彼女はゆっくりと腕を上げ、机の上のパソコンを指差すと、パタリ、と力なく指を下ろす。
「全部じゃないけど、各部屋に小型のカメラ設置したでしょ? あれ、監視カメラだからネット環境さえあれば、常時いつでもどこでも部屋チェックできるんだよねー」
うふふふーんと笑う。
「本当はスマホ使って全部屋同時にライブ配信してもいいかなーって思ったんだけど、そうするとスマホの手数が必要だし。まず初日は、カメラで観察して、その後異変が起きそうな部屋があれば重点的に調査。その部屋のみをライブ配信でもいいかなって思ったんだよね」
動画一本作るにも、たくさんカメラがあると情報過多になってしまい、取捨選択と編集が大変になるからさー、と繋げる。
「そっか。撮影した映像の全部が使えるわけじゃないんですね」
「そそ。現に二か月前に行った、あの現場。えーっと?」
「うわー。相変わらずひどい有様っすね、美知佳さん」
缶コーヒーどうぞー、と現れたのは、いつの間にか部屋に入ってきていた日野さんだった。美知佳さんに缶コーヒーを差し出しながら、のんびりと笑っている。
「お、気が利くじゃないの、後輩君」
「ありがと」と受け取ってプルタブを開け、美知佳さんは一つ頷いてから話を進めた。
「二か月前、峠の空き家の検証したでしょ? あそこも結構日数かけて撮影したにもかかわらず、ほぼなーんも起きなかったでしょ? 音は入っていたけど、野鳥の声やら猪の足音だったり。人っぽい何かが映り込んだり、声が入っているっていうわけでもなかったし」
彼女の話によると、せっかく撮影しても「撮れ高」的なものが何一つない場合もあるらしい。たまたま撮影した写真に白っぽい線のようなものが走ったとしても、それは虫かもしれないし、動画撮影中に白いオーブ──人魂のような丸い物体──がいくつも映ったとしても、それは埃だったりするという。
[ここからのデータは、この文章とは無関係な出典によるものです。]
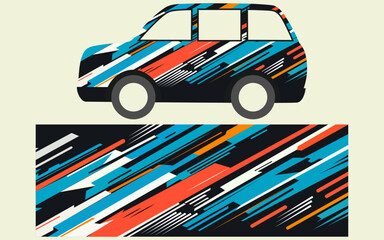 Sports car wrap decal designs. Abstract racing and sport car background. Vector dacel design.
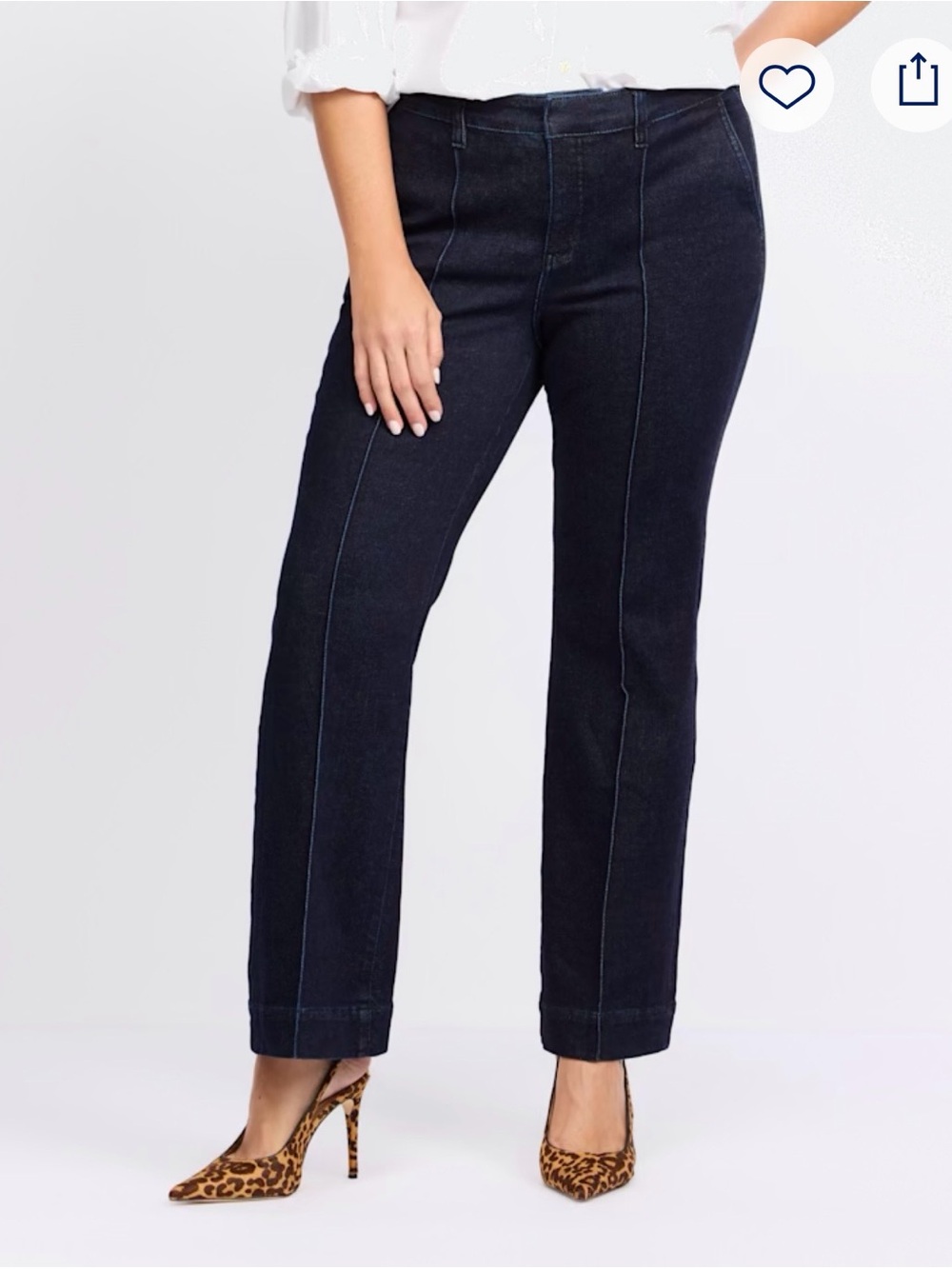Liverpool Los Angeles Trouser Jeans Dark Wash 20W Pintuck Stretch Denim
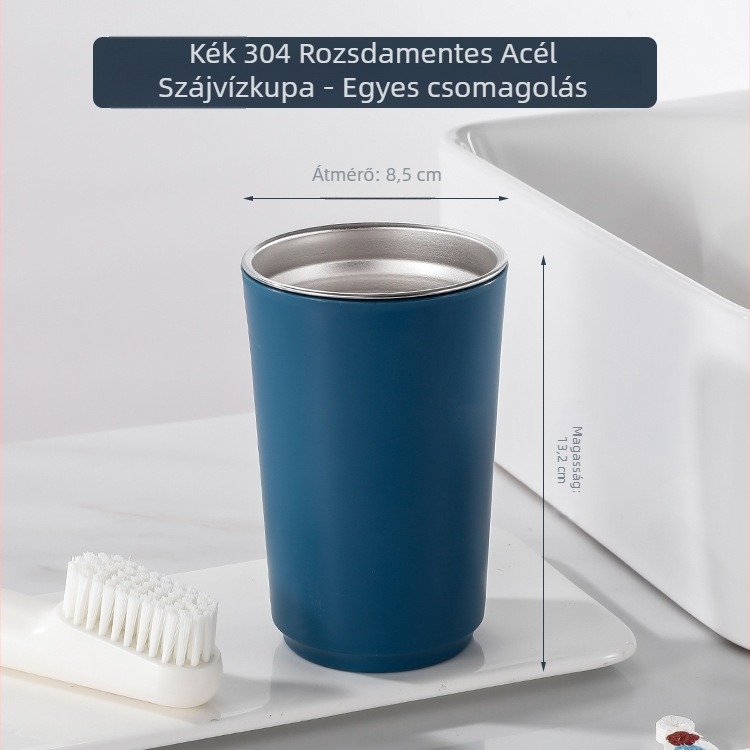 304 rozsdamentes acél belső, külső PP bevonattal rendelkező többfunkciós fürdőszobai pohár, súlya 230 g, logó nyomtatás elérhető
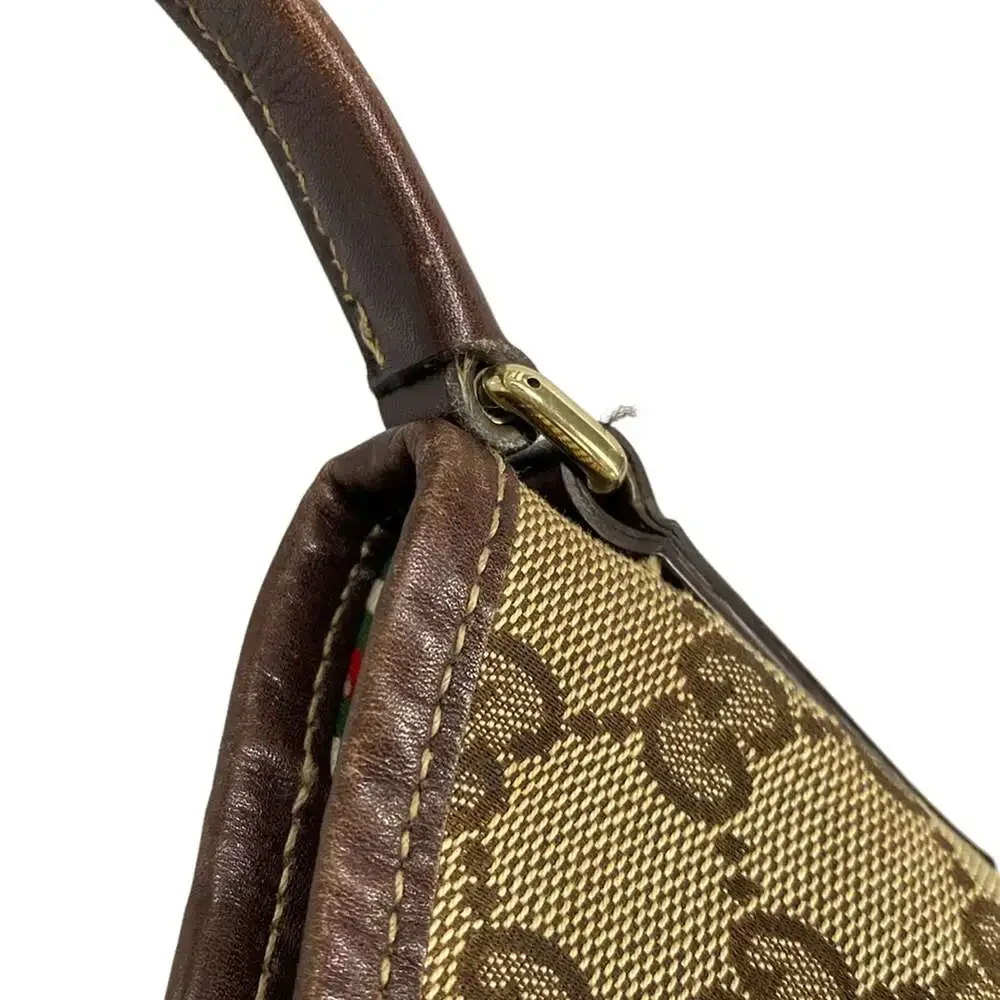 Gucci GG/New Britt Handbag 169947 Beige Dark Brown Jacquard Leather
心霊現象を目に見える形で撮影するのは、意外にも大変なのだと知らされ、俺はゾッとした。
「っていうことは、あれだけ設置した機材も……」
「そー! よくわかりました、大正解! まったく何も撮れない! っていうこともあるんだよねー」
「そ、そんなぁ……」
結構な大荷物を四苦八苦しながら運んだり、指示されながら設置したのに。がくりと肩を落とした、その時だった。
「嘘だろ」
部屋の奥で窓の外を見ながら誰かと電話をしていた雄介先輩が、低く呟いた。その声は、くっきりと耳に届く。
俺たちは、そろって先輩の方を見つめた。
先輩は通話を終えると、窓を背に俺たちを振り返り、こう言った。